Der Regionalverband Saarbrücken hat seine Richtlinien zur Förderung der Kinder- und Jugendarbeit überarbeitet. Diese regeln die finanziellen Unterstützungsmöglichkeiten der Kinder- und Jugendarbeit freier Träger, Verbände, Vereine und Organisationen.

Die Regionalversammlung hatte sie in seiner jüngsten Sitzung zum 1. Januar 2016 in Kraft gesetzt. Das teilt der Regionalverband mit.

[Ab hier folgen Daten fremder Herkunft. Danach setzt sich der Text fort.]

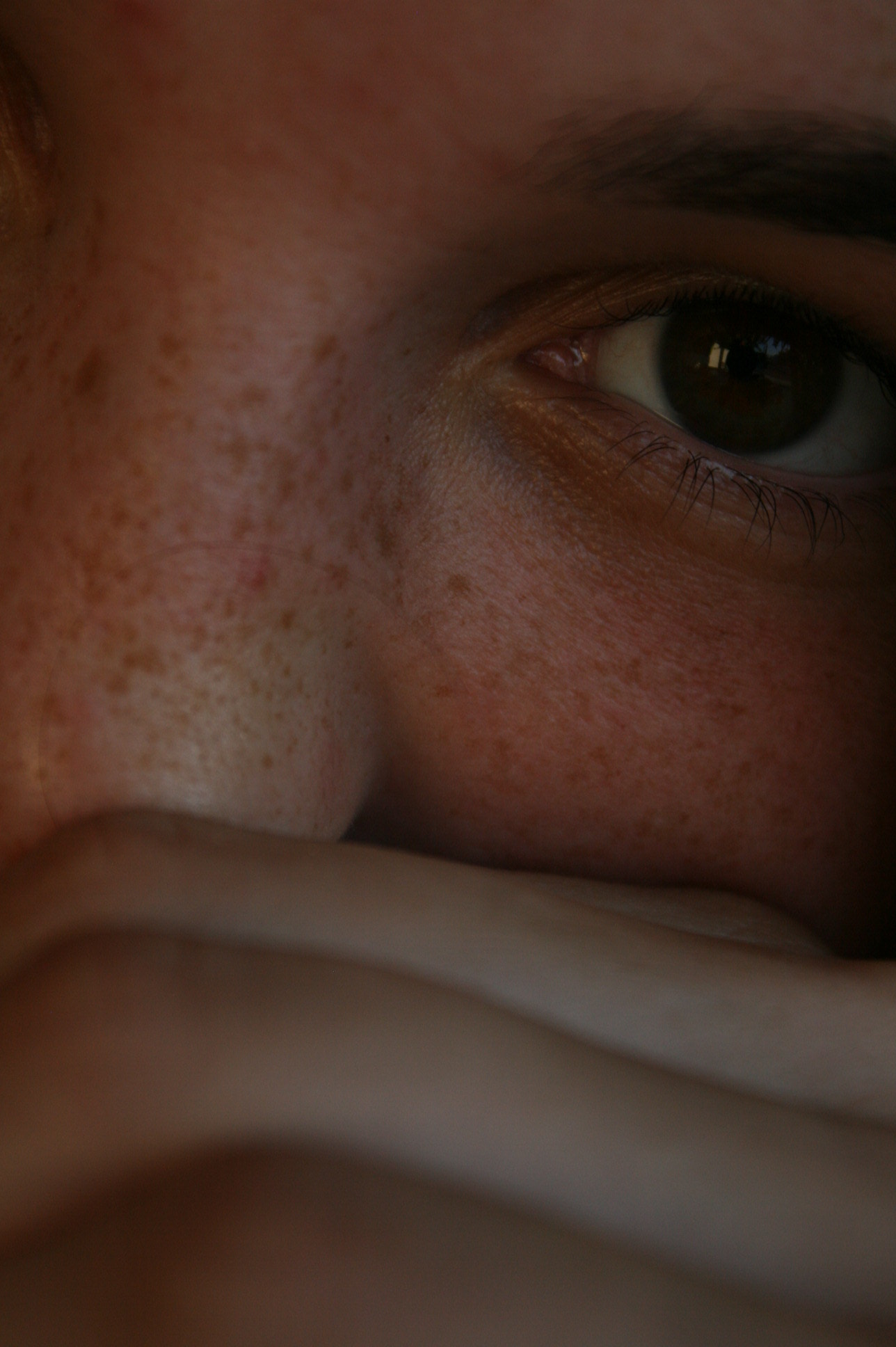 Canon EOS 400D (EOS Digital Rebel XTi / EOS Kiss Digital X) sample photo. Freckles photography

Mit den neuen Richtlinien wird eine Anpassung der Fördersätze an veränderte Bedarfe und Kostensteigerungen der letzten Jahre vorgenommen. So wird der Zuschuss für Kinder- und Jugendfreizeiten von drei auf fünf Euro pro Tag und Teilnehmer erhöht. Außerdem steigen die Zuschüsse für Bildungsmaßnahmen , Mitarbeiterschulungen sowie Material- und Betriebskosten bei Jugendeinrichtungen. Gleichzeitig wurden die Bestimmungen des Bundeskinderschutzgesetzes umgesetzt, indem Trägervereinbarungen verbindlich als Fördervoraussetzung eingeführt werden. Wie Regionalverbandsdirektor Peter Gillo sagte, sei im Regionalverband Saarbrücken, wo jedes vierte Kind von Armut betroffen ist, eine präventive Jugendarbeit besonders wichtig. Hierdurch würden wichtige Alltagskompetenzen vermittelt, die ein selbstständiges Aufwachsen ermöglichen. Gillo wörtlich: "Viele engagierte und aktive freie Träger, Verbände, Vereine und Organisationen tragen mit ihren Angeboten an Kinder und Jugendliche zu einer funktionierenden Jugendarbeit im Regionalverband bei. Zahlreiche Aktionen und Freizeiten wären ohne eine finanzielle Unterstützung jedoch gar nicht durchführbar. Deshalb hilft der Regionalverband unter gewissen Voraussetzungen dabei, diese Angebote zu finanzieren." Die Richtlinien hat das Jugendamt mit dem Landesjugendring sowie mit Vertretern der freien Träger, der Jugendverbände, der Wohlfahrtsverbände und der Kirche entwickelt.